Intervista a Tommaso Pincio
Nel suo ultimo romanzo Cinacittà. Memorie del mio delitto efferato uno degli argomenti di maggior rilievo è la situazione complicata che si trova all’esterno della cella in cui il protagonista è relegato. Si parla di Tangentopoli, dell’inflazione, dell’inquinamento ambientale. Quale pensa sia il maggiore problema della società italiana?
Il fatto di essere una società culturalmente ma soprattutto anagraficamente vecchia che ha smesso di
progettare il futuro. Il problema non è tanto il numero esiguo dei nuovi nati ma l’atteggiamento generale. Il nostro premier attuale non è soltanto il più anziano fra i capi di stato del cosiddetto G8, si è pure presentato per cinque volte consecutive alle elezioni. La società italiana nel suo complesso funziona alla stessa maniera e non si può certo sostenere che un tale sistema favorisca il rinnovamento. Per lungo tempo, l’essere rimasti tenacemente ancorati alla tradizione è stato uno dei nostri punti di forza. La globalizzazione impone però di cambiare rotta: nel mondo attuale non è più possibile coltivare il sogno di un bel paese ripiegato su se stesso.
La colonizzazione dei cinesi è un tema scottante che il protagonista del libro non esclude dai suoi pensieri nel momento in cui cerca le cause della caduta di una città come Roma, che sembrava imbattibile. L’invasione della nostra terra da parte dei cinesi cosa ha cambiato nella quotidianità?
Nonostante la presenza cinese a Roma sia quintuplicata nel giro di pochi anni, l’invasione è stata per così dire dolce, perlomeno in apparenza. I cinesi sono di gran lunga più accettati degli immigrati di altre etnie e questo perché agli occhi dell’opinione pubblica non rappresentano una minaccia alla sicurezza. Al tempo stesso sono la comunità più mitizzata. Sui cinesi si raccontano una quantità incredibile di leggende urbane, alcune delle quali davvero assurde e offensive come quella che riciclano i documenti dei loro morti. Il protagonista del mio romanzo li considera i nuovi barbari e quindi i principali responsabili delle sue personali disgrazie. “Cinacittà” racconta la storia di un uomo che pur non di ammettere i suoi limiti traccia un’improbabile parallelo tra il suo fallimento e quello della nuova caduta di Roma, il che lo rende un perfetto esemplare di italiano. In tutto ciò c’è ovviamente una forte valenza simbolica, giacché da secoli la cultura occidentale ha visto nel crollo della civiltà romana una metafora del suo tramonto. Non meno significativo è il fatto che molti storici ritengano che gli italiani in quanto popolo nascano proprio con la deposizione dell’ultimo imperatore Romolo Augusto da parte Odoacre, vale a dire dal miscuglio di romani e barbari.

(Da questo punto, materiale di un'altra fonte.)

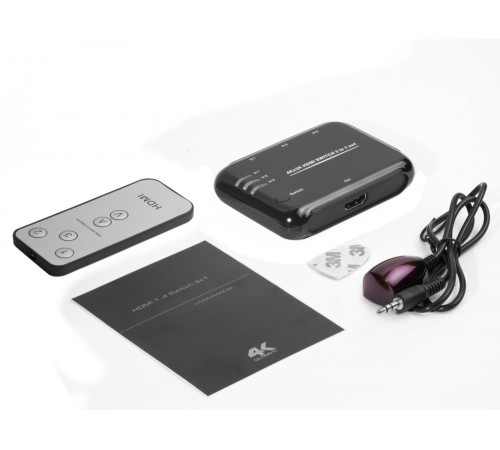 Greenconnect Переключатель HDMI 3 к 1 серия Greenline Greenconnect Переключатель HDMI 3 к 1 серия Greenline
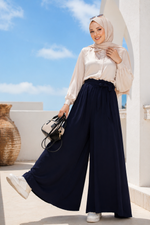 Jupe Et Pantalon Bleu Marine Ceinturés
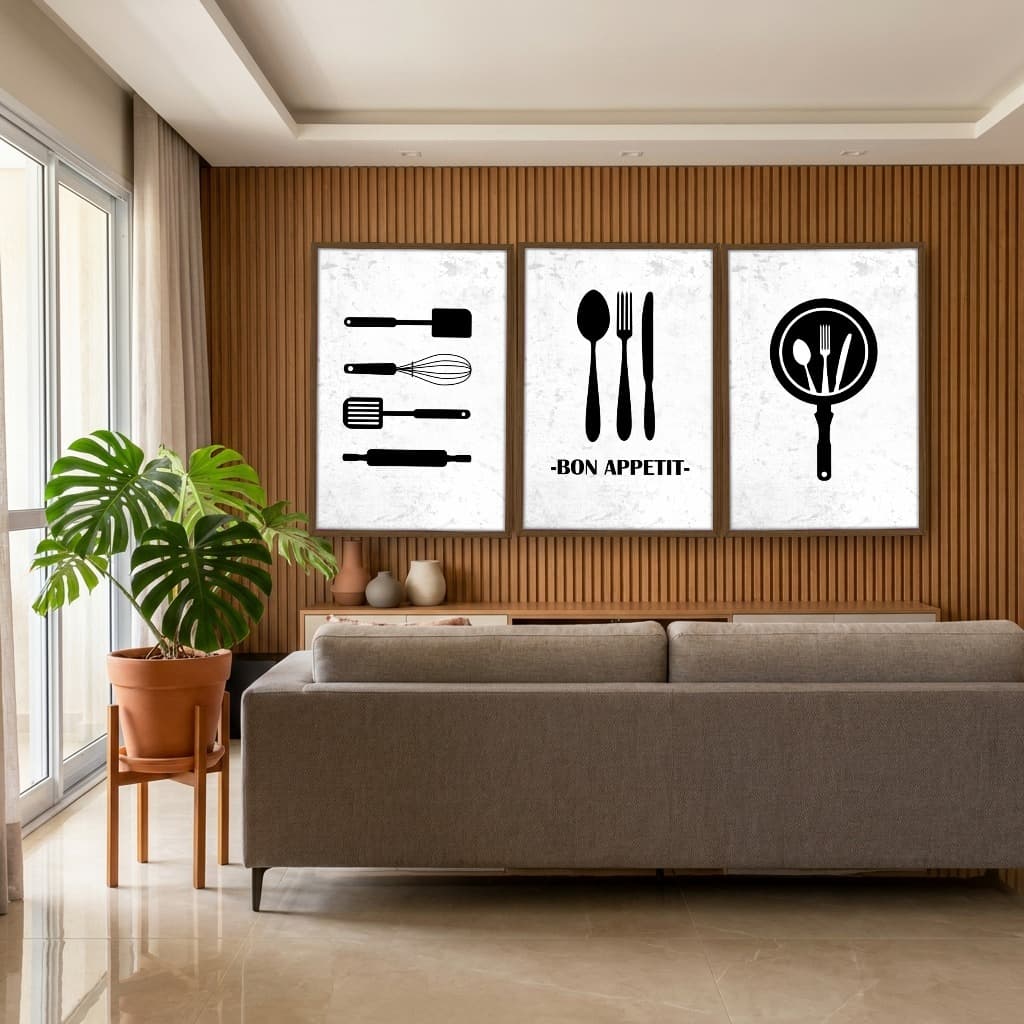 Kit Quadros Decorativos Colheres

In questi ultimi anni c’è la tendenza da parte degli scrittori italiani a non tralasciare argomenti socialmente importanti, caso più eclatante Gomorra di Saviano. Come mai c’è questa necessità di parlare di argomenti così forti?

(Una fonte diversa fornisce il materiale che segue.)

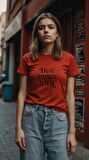 Kadın Baskılı T-Shirt Kadın Tişört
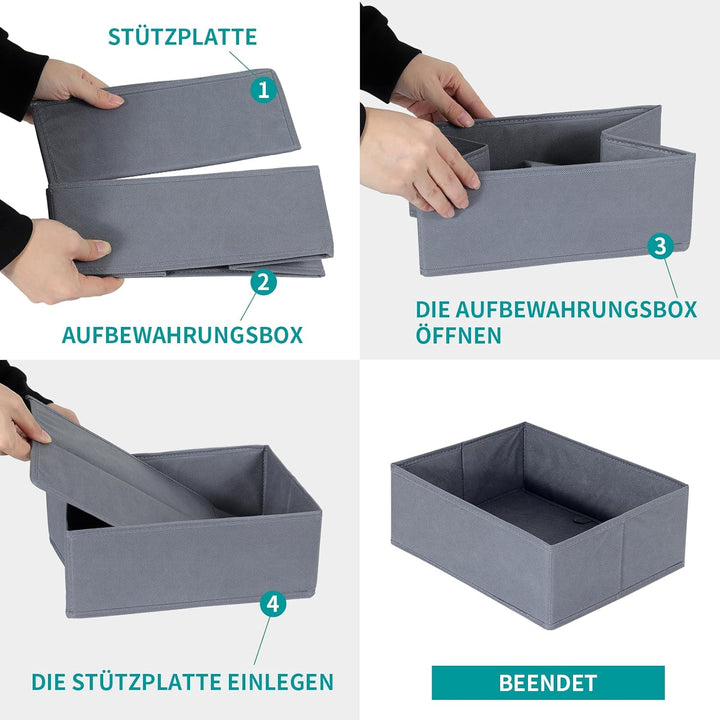 2er Set Schubladen Organizer kompatibel mit PAX Kleiderschrank 50x35 cm, Faltbar Stabil, Robuste Auf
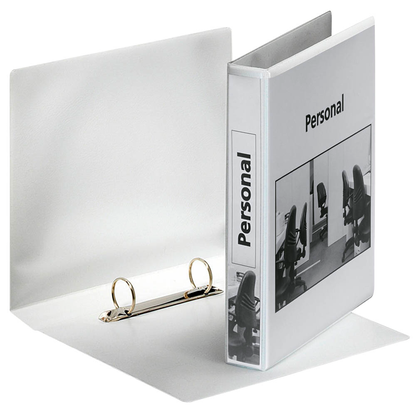 Artikelbild 3 für Esselte Präsentationsringbücher 2-Ringe weiß 4,6 cm DIN A5 hoch, 12 St., Artikelnummer 595314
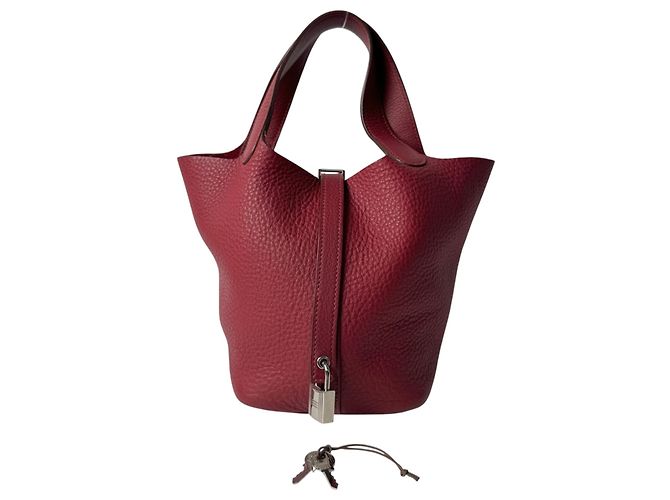 Hermès Hermes Picotin Lock PM Handtasche Rot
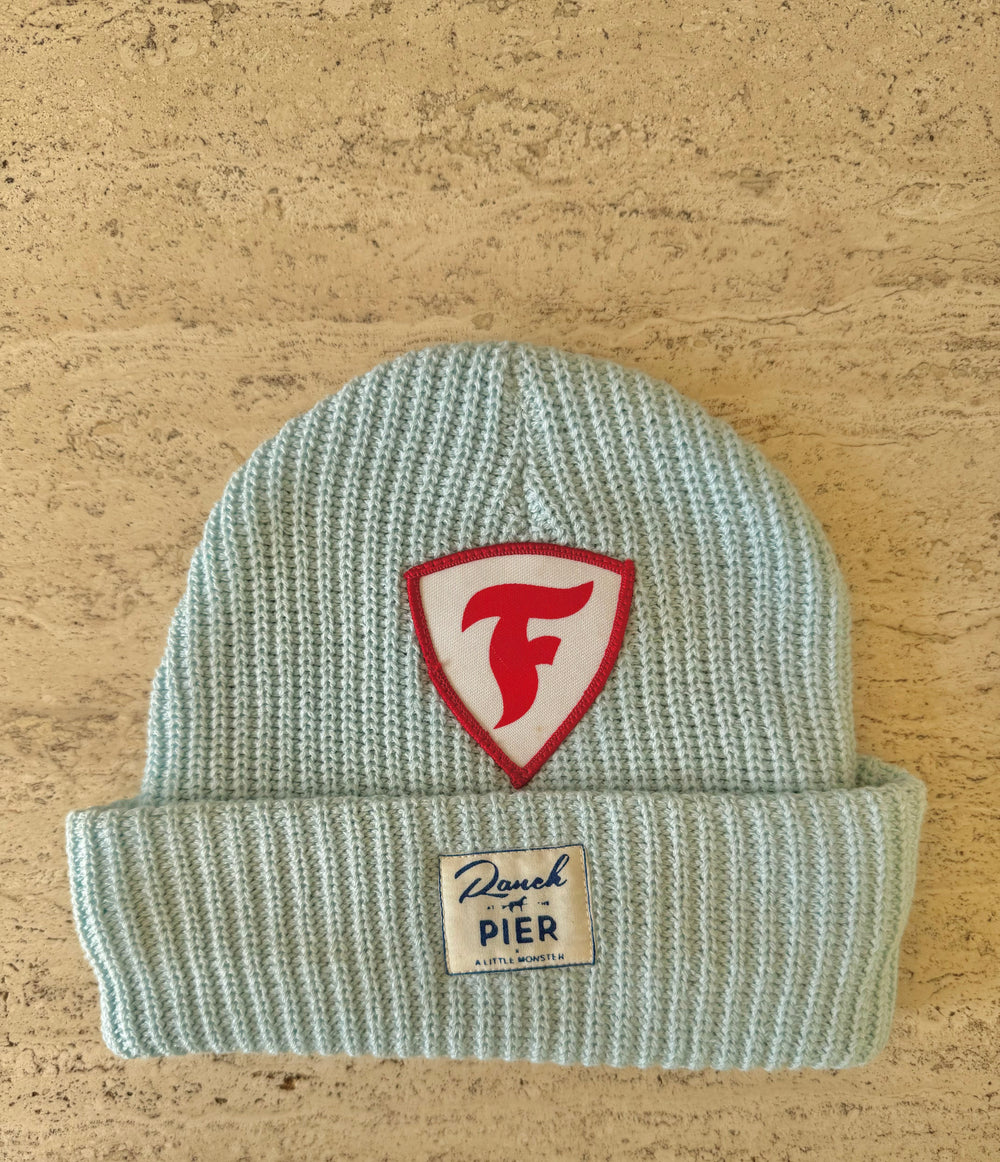 Light Blue Momo Beanie "F Firestone Tire"/ 1 patch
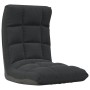 Silla de suelo plegable de tela negra de vidaXL, Sillas de suelo - Ref: Foro24-336590, Precio: 74,75 €, Descuento: %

Credo per due ragione fondamentali. La prima è ovvia: stiamo attraversando una fase delicata, di profonda trasformazione, che necessita di essere investigata e raccontata. La seconda è che politica e giornalismo stanno diventando il teatrino dell’omologazione. Le voci di dissenso e critica sociale sono una specie in via di estinzione. È inevitabile che gli scrittori avvertano il bisogno di riempire questo vuoto.
Il romanzo di un suo collega che ha amato di più?
Sono davvero molti i libri che ho amato, citarne uno in particolare vorrebbe dire fare un torto a tanti altri. Le dirò dunque che ne ho appena finito straordinario, “Italia De Profundis” di Giuseppe Genna.
Quello che Tommaso Pincio non ha mai finito di leggere?
Sono un lettore disordinato, nel senso che leggo più libri contemporaneamente. Per cui è fatale che qualcuno si perda per strada.